İnsanın “Rızık Allah’tandır” hakikatini unutarak dünyaya
dalması, yalnızca geçimi için çabalaması onun yaratılış vazifesinden
uzaklaşmasına yol açmıştır. Dünya için ahireti terk etmek beraberinde farklı
alanlara işaret eden krizleri ve zulümleri getirmiştir. Bu noktada Bediüzzaman
dünya ahiret dengesini kuran bir dizi tedbirler sunar. İktisatla yaşayanın
bereketi bulacağını, israf ve hırsın bu bereketi ortadan kaldıracağına değinen
Bediüzzaman’a göre şükür ve kanaat bitmez ve tükenmez bir hazine olup insan
saadetinin de esasıdır.

Öz olarak, Bediüzzaman’ın inşa ettiği etmeye çalıştığı toplum
öncelikle bireye yöneliktir. İnsanın terbiye edilmediği bir toplumda yukarıdan
aşağıya bir dayatma ile bu toplumun oluşturulması mümkün değildir.

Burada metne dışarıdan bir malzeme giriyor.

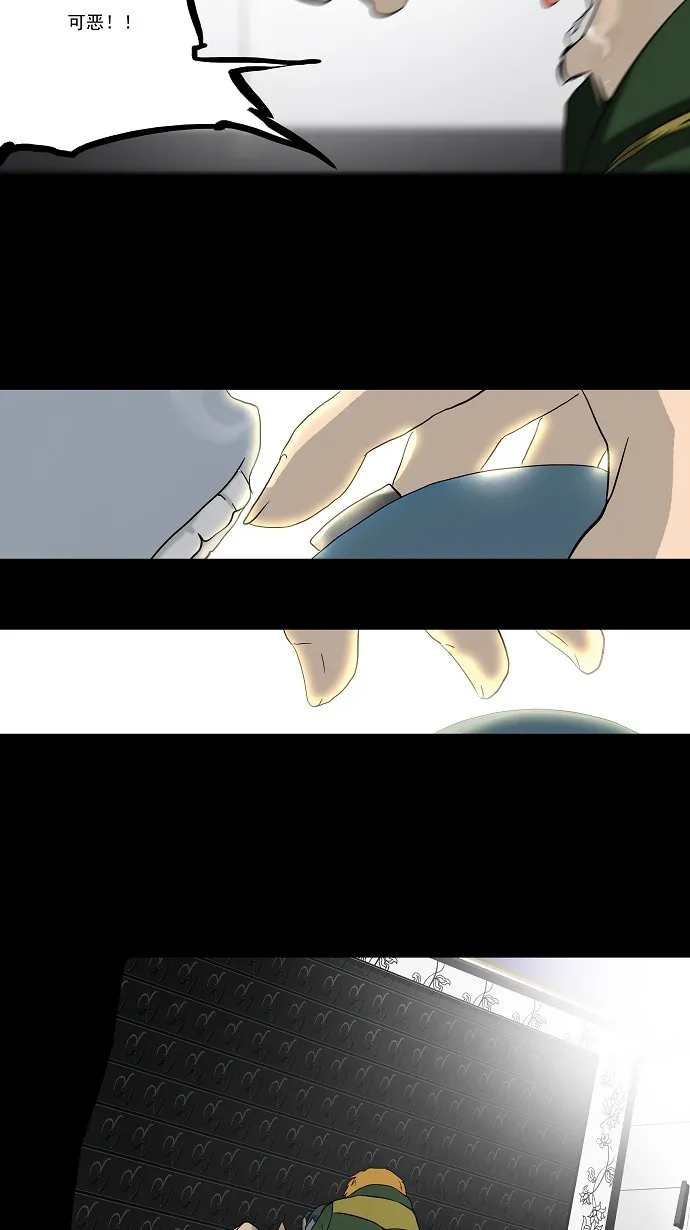 神之塔漫画解说大结局漫画,第101话37图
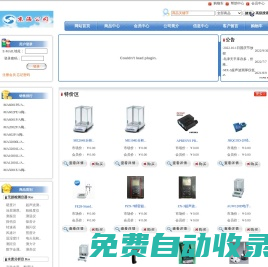 北京京海佳業(yè)科貿(mào)有限公司  專業(yè)代理水質(zhì)分析儀、無(wú)損檢測(cè)儀、電子天平等
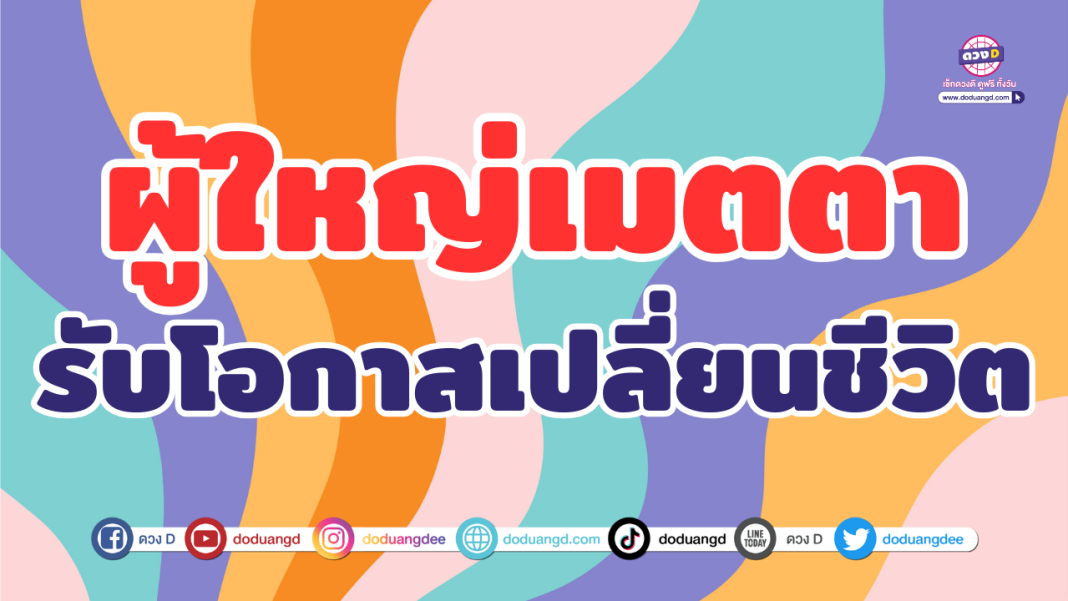 ผู้ใหญ่เมตตา
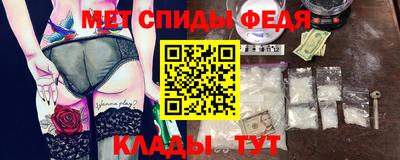 марки nbome Жуковский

Risale-i Nur
bize yeni bir toplum modeli sunmaktadır. Ahlaka ve fazilete dayalı bir toplumun
inşası ahlak ve faziletle bezenmiş bir insanın inşasıyla mümkündür.

Sonuç

Netice itibariyle Bediüzzaman, malın ve servetin Allah
tarafından verilmiş bir emanet olarak telakki edildiği, ekonomik gücün
(sermayenin) belirli ellerde toplanmasının engellenip biriken sermayenin
herkesin refahına hizmet edecek şekilde adaletli dağılımının sağlandığı,
çalışmanın dünyevi saadet vesilesi olup tembelliğin işsizliğe, işsizliğin de
ızdıraba medar olduğu, zekatın verilmesi ve faize engel konulması ile sömürünün
engellenmesi yoluyla sosyal tabakalaşmanın önlenip kardeşlik ruhunun öne
çıkarıldığı, bencilliğin yerine diğergamlığın, kişilerde hırsa mukabil kanaatin
hazza mukabil iman saadetinin, tüketim toplumu yerine ubudiyet ve şükür
toplumunun öne çıkarıldığı, arzular yerine fıtri ihtiyaçların esas alındığı,
helal ve haram hassasiyetlerinin gözetildiği, israfın yasaklandığı, sanayi ve
teknolojinin ila-yı Kelimatullahın bir vesilesi olarak görülüp bunların ahlaki
ilkeler çerçevesinde, fakirliğin izalesi yolunda, insanlığın hayrına olarak
kullanıldığı, ailenin dünya saadetinin medarı olarak kabul edildiği, zulüm ve
haksızlığın ortadan kaldırıldığı, hayali ve sanal unsurlarla insanların
uyuşturulmadığı, ebedi hayatın varlığını önceleyen, hayatın gayesini Allah’a
kulluk olarak kabul eden bir iktisat görüşünü öngörmektedir.